Provided data
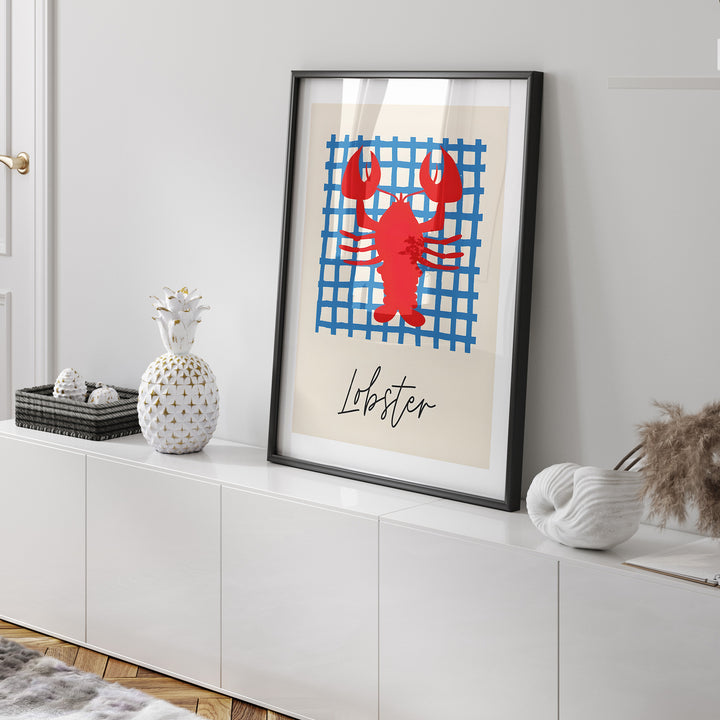 Lobster Santorini Kitchen Print,living room,back border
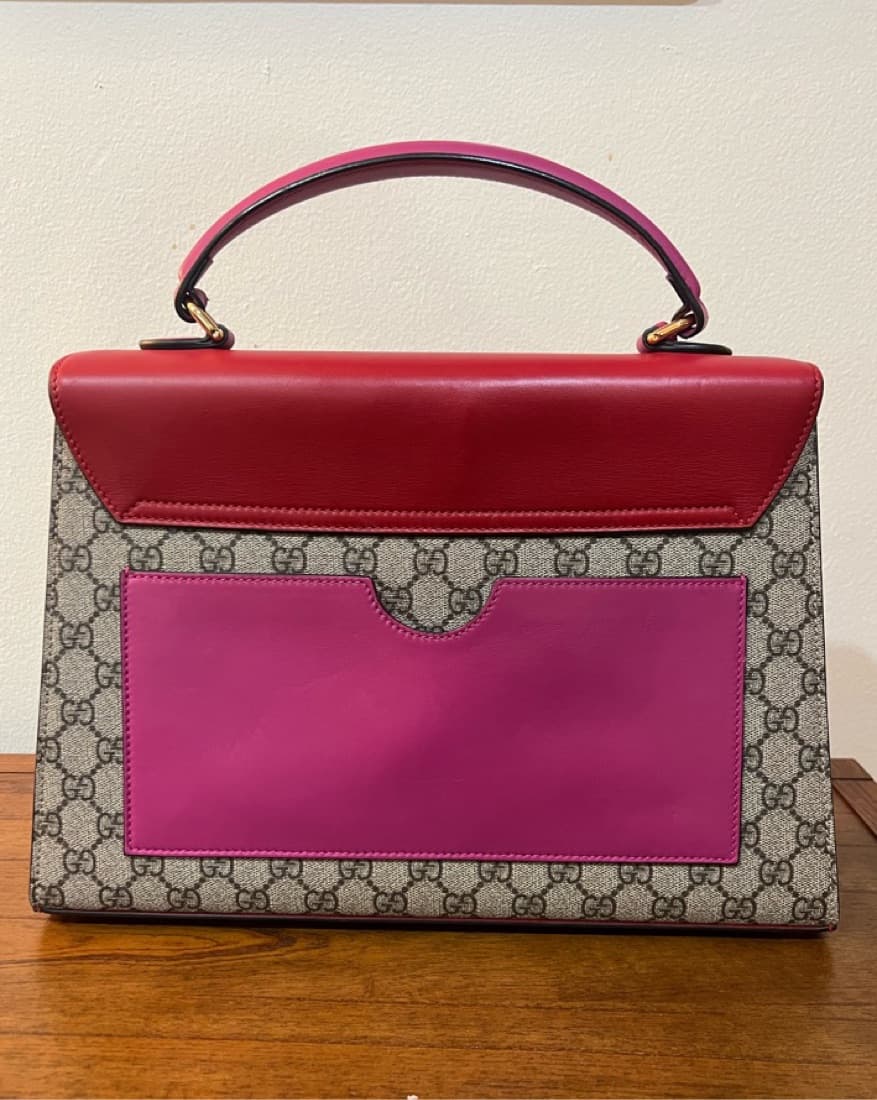 Gucci GG Supreme Padlock Top Handle Bag - Image 2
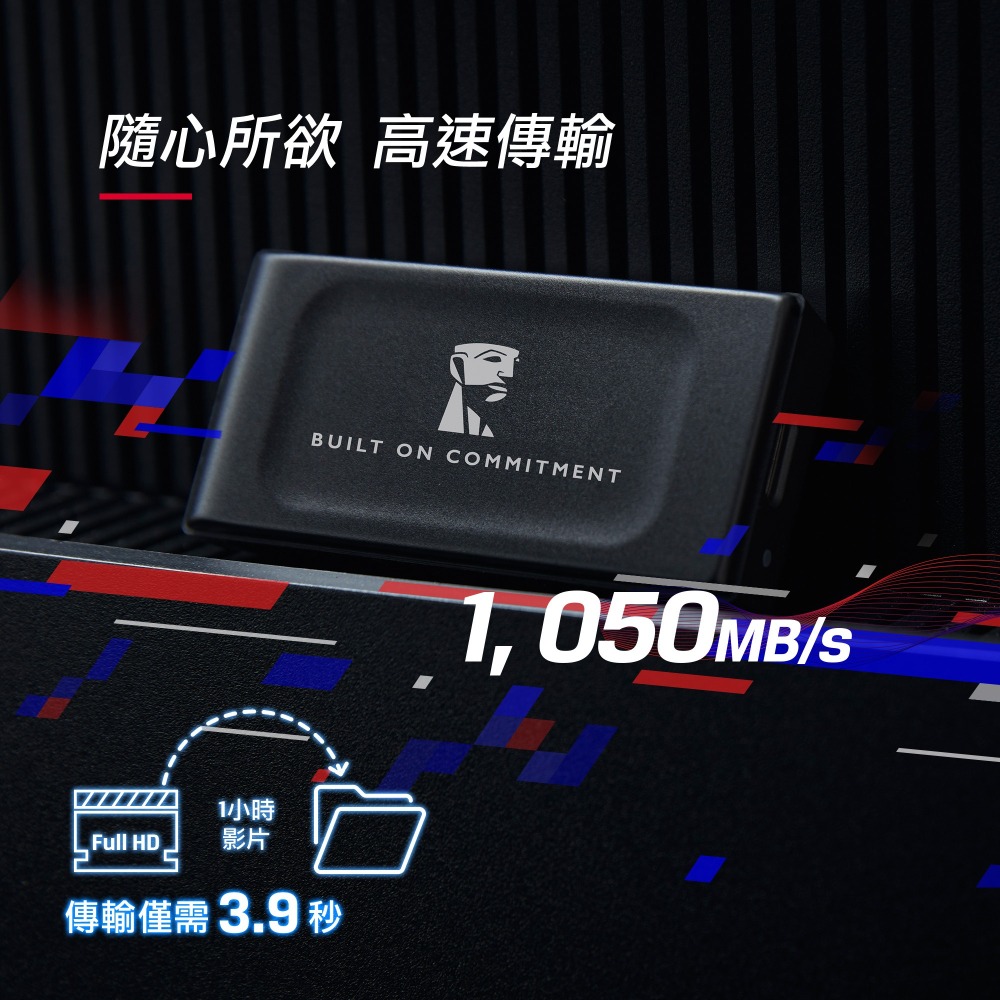 金士頓 XS1000系列 1TB TypeC to TypeA 外接式固態硬碟 黑色 SXS1000 時尚輕巧-細節圖4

Instructions to follow
No pictures belong in the copy. Return exactly the lines from the line containing "Gucci GG Supreme" through the last line of the listing.

Answer box
 Gucci GG Supreme Padlock Top Handle Bag - Image 2
 金士頓 XS1000系列 1TB TypeC to TypeA 外接式固態硬碟 黑色 SXS1000 時尚輕巧-細節圖4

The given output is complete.